A nice way for advertising......


----------



## MetalheadGautham (Aug 3, 2008)

it says the competition id going to be announced in his website.
*DOES HE EVEN HAVE A WEBSITE ?*
if so, link please.


----------



## hullap (Aug 3, 2008)

^ *www.phoonk.in/
wish i could have got a chance for this
im not scared of horror movies
seen many jap ones, never got scared


----------



## freshseasons (Aug 3, 2008)

* Conditions Apply. 
    Can someone please check and tell me if Blind people are allowed there and that this is not mentioned explicitly in conditions ? 
  I know someone who is Blind and may be i can send him over and split the Buty. 
  Incase you are wondering why i don't want to go,i have seen Ramu's Sholey and i bet i wouldnt have completed watching that movie for 10 Lacs.No pun intended. Though its not Ramu's fault that actors didint knew movie was to be made on them during its shooting.


----------



## Rahim (Aug 7, 2008)

^Only Bhoot deserve some praise.


----------



## phreak0ut (Aug 7, 2008)

I'm in for the contest! Only Joker's way of killing from TDK can give you the creeps. I'm in real need of cash!


----------



## goobimama (Aug 7, 2008)

> I'm in real need of cash!


Yeah, and for us is like "5 lac? okay, if you insist."


----------



## Chirag (Aug 7, 2008)

Yea. Raat was scary.....


----------



## The_Devil_Himself (Aug 7, 2008)

goobimama said:


> Yeah, and for us is like "5 lac? okay, if you insist."




hehe.

aif anyone of you gets 5 lac rupees,make sure the thread starter,who happens to be a undergrad jobless broke prick,gets his share please,even 3 lacs would make him happy.:/


----------



## goobimama (Aug 7, 2008)

^^ No offensive language against the original poster. Miserabled for one week.


----------



## harryneopotter (Aug 7, 2008)

actually goobi ...wat happens if he himself is the original Poster or thread starter ? 

  if it was a joke by u ... sorry to spoil it ..m nt good at sarcasm


----------



## goobimama (Aug 7, 2008)

The government never punishes a person from raping himself. And I follow that code. 

(It also doesn't punish a cop from harassing a regular person, so yipeee!)


----------



## Ethan_Hunt (Aug 7, 2008)

Is it just me or the promos of this movie look identical to The Exorcist? 

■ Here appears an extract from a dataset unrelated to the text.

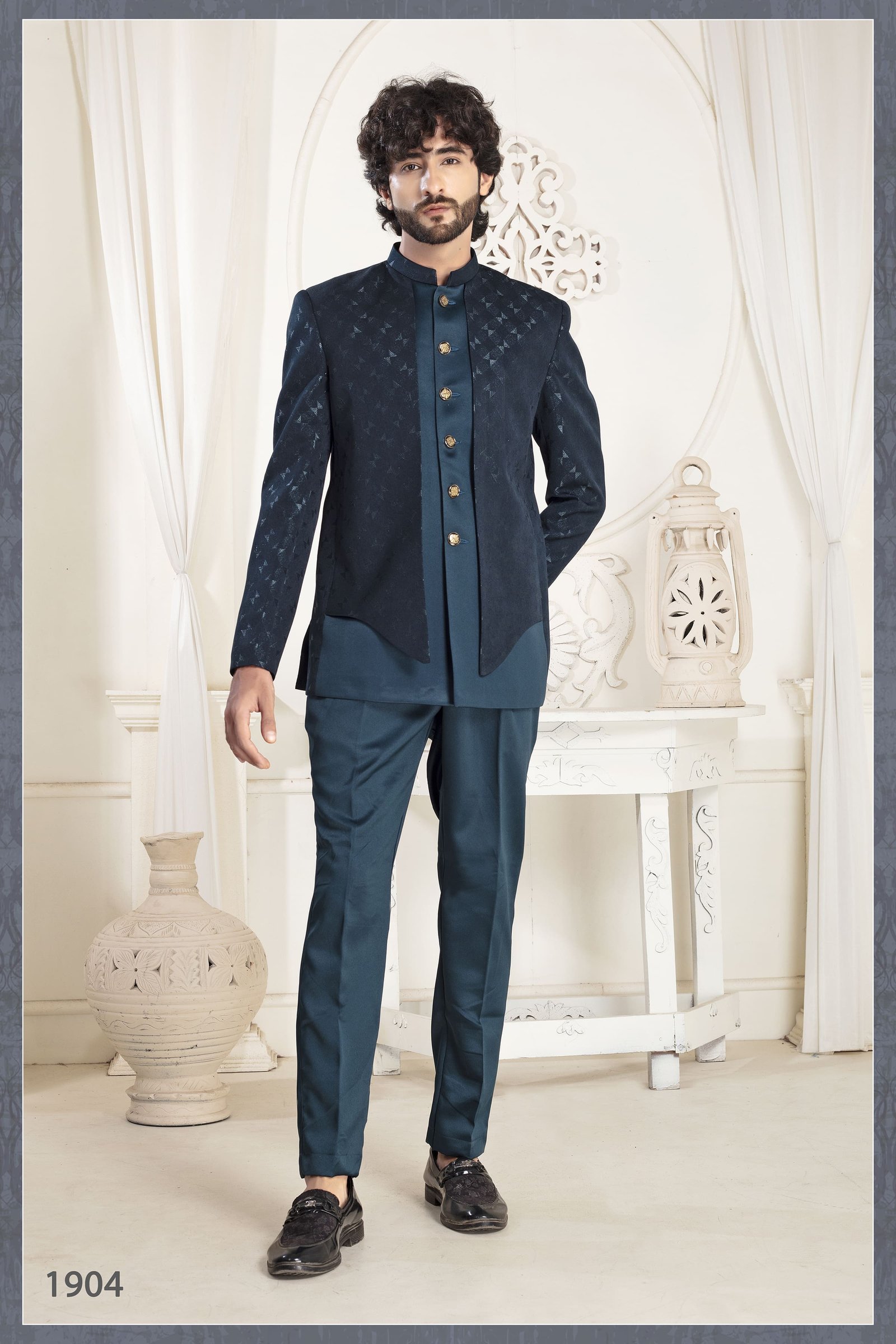 Self Print Double Pattern Jodhpuri For Men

Also wasn't there something like this pulled off with watching Evil Dead alone in theatre & getting rewarded? Or was it just a rumor?


----------



## The_Devil_Himself (Aug 7, 2008)

goobimama said:


> The government never punishes a person from raping himself. And I follow that code.

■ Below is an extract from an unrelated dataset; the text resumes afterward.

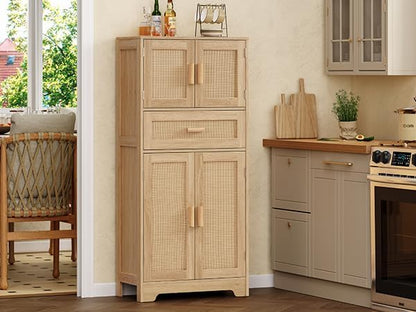 47.2" H Tall Storage Cabinet with Adjustable Shelf, Rattan Cabinet, Cupboard for Living Room, Dining Room, Entryway, Home Office, Natural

yes it does! try yourself and see.

p.s.: you are out of my siggy.chal baju hat hawa aane de..


----------



## hemantkulkarni (Aug 7, 2008)

gaurav_indian said:


> kaise kaise naam rakhte hai films ke hawa,water,phoonk,next one main bata deta hu kya hogi
> 
> Thook - the saliva


very funny............hmm.......good sense of humor

trailer itself is so boring then how d film would be.........but anyhow money matters.....m ready>>>>>>>


----------



## SunnyChahal (Aug 8, 2008)

Kitna inaam rakhi hia re sarkar 'Phoonk' par?Pure 5 lakh!
No one is gonna get anything.This is just mere publicity to promote another RGV  crap movie.
Who made that movie......'aks'?

Hey,Lights went off when I started the trailer!Electricity failure.My comp was on UPS.It was dark,meri to trailer me hi P**T gayi.Aage kya hga?


----------



## MetalheadGautham (Aug 8, 2008)

comeon guys, is there any fresh news on this ? 5 lakhs are about to come inside my pocket 
Has this been proven to be a scam yet ?


----------



## Third Eye (Aug 8, 2008)

It was easy guys,i won.


----------



## Davidboon (Aug 8, 2008)

well my wallet is gonna be hot soon 

so RAAMU ME AA RAHA HOON , PAISE TAYAAR RAKHNA


----------



## MetalheadGautham (Aug 8, 2008)

Two Famous Quotes:

*>>> *The only thing that one needs to fear is fear itself.* <<<*
*>>> *Money, faith and love are the biggest motivators.* <<<*

*That means I am the best guy to win this *


----------



## krates (Aug 8, 2008)

Dude  believe me you will not be able to watch the movie alone in a theater !@!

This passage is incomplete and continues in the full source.